小田原 辰巳先生のクリニックでは、ステップアップの期間はどのように考えられていますか?
辰巳 まずタイミング指導を約半年間行って、妊娠されなかったら次に人工授精を半年程度。それでも結果が出なかった場合は、その時点で体外受精をご提案しています。
小田原 他の施設と比べて、一般不妊治療の期間を長めにとられていますね。特にAIH(人工授精)の期間が長いような気がしますが……。
辰巳 AIHはあまり回数をとらない施設も多いようですが、僕は非常に有効な手段だと考えているので重視しています。1回あたりの妊娠率は8%程度しかないのですが、繰り返しても妊娠率がそれほど落ちないんですね。
小田原 トータル的に見て、一般不妊治療の結果はいかがですか。
辰巳 当院では平成3年から来院されたご夫婦の約6割の方が妊娠されているんですが、そのうちタイミング指導などの一般不妊治療で妊娠された方は約4割、人工授精まで考えた場合には6割以上という数字になっています。
小田原 それはかなり高い数字だと思います。初めて不妊治療の門を叩く方にとって、一般不妊治療というのは決して不要なものではないということをお伝えしたいですね。不妊だからすべて体外受精にしなければいけないということではないと……。
年齢が上がったことでARTが 増えてきたことも事実です
多くの方が一般不妊治療だけで妊娠されるのが理想だと思いますが、年々体外受精を受ける方が増えているのも事実ですね。
辰巳 10 年ほど前は体外受精で妊娠される患者さんは妊娠例の 25 %くらいだったのですが、最近では、 40 %近くにまで増えてきています。
小田原 ARTに対して抵抗がなくなってきたこともありますが、一番の原因は患者さんの年齢が上がってきたことではないでしょうか。
辰巳 そうですね。やはり年齢の問題は大きいですね。当院の場合もあくまで自然な形でというのが基本ですが、年齢が上がるに従ってステップアップの期間を早めるご提案をするなど、柔軟な対応をとるようにしています。
そのような事情も含め、後悔しない不妊 治療を受けるために、患者側はどのようにすればいいのでしょうか。
小田原 今、いろいろな情報があるので迷われることも多いと思いますが、やはり医師や医療スタッフとよくディスカッションされることが大切だと思います。ちょっとでも疑問に思うことがあったら聞いて、それをその施設がどう考えているか納得しながら治療を進めていく。

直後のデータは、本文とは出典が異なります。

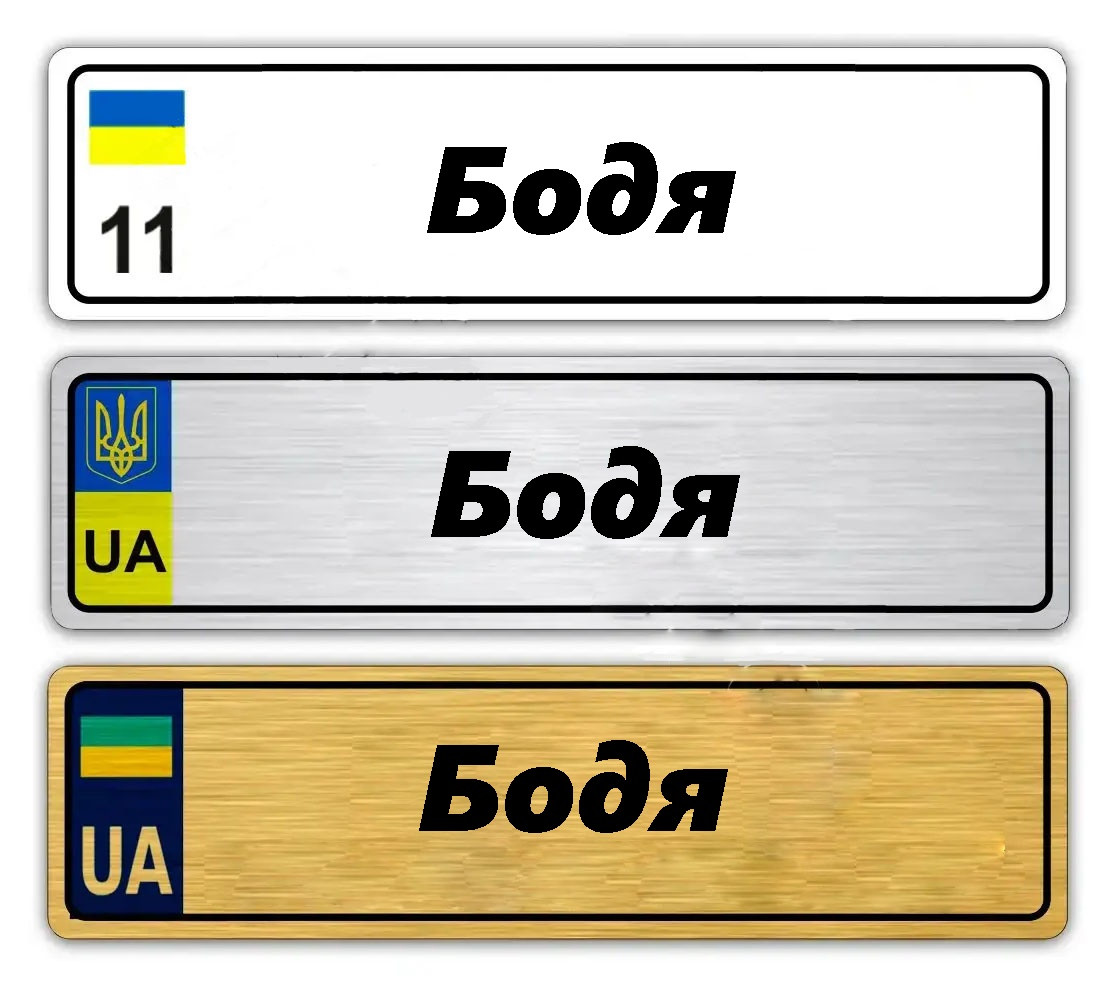 Номери з іменами на дитячі коляски - іменний номер на коляску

小田原 医師側も判断に迷うケースがありますので、本当にその治療方針が正しいのかどうか、セカンドオピニオン的なことでいろいろな先生のお考えを聞くというのもあっていいと思います。
辰巳 医師としては患者さんに、今どのような状態で、どんな選択肢があるかということを最初にきちんと言ってあげなければいけないと思っています。
小田原 やはり、 ※ インフォームド・コンセントと自己決定権が重要。それぞれの治療のいい点と悪い点、その方にどれが合うかという見解も含めてお話しして、そのうえで患者さんが選択する。お互いに後悔しないためにはそれが必要だと思います。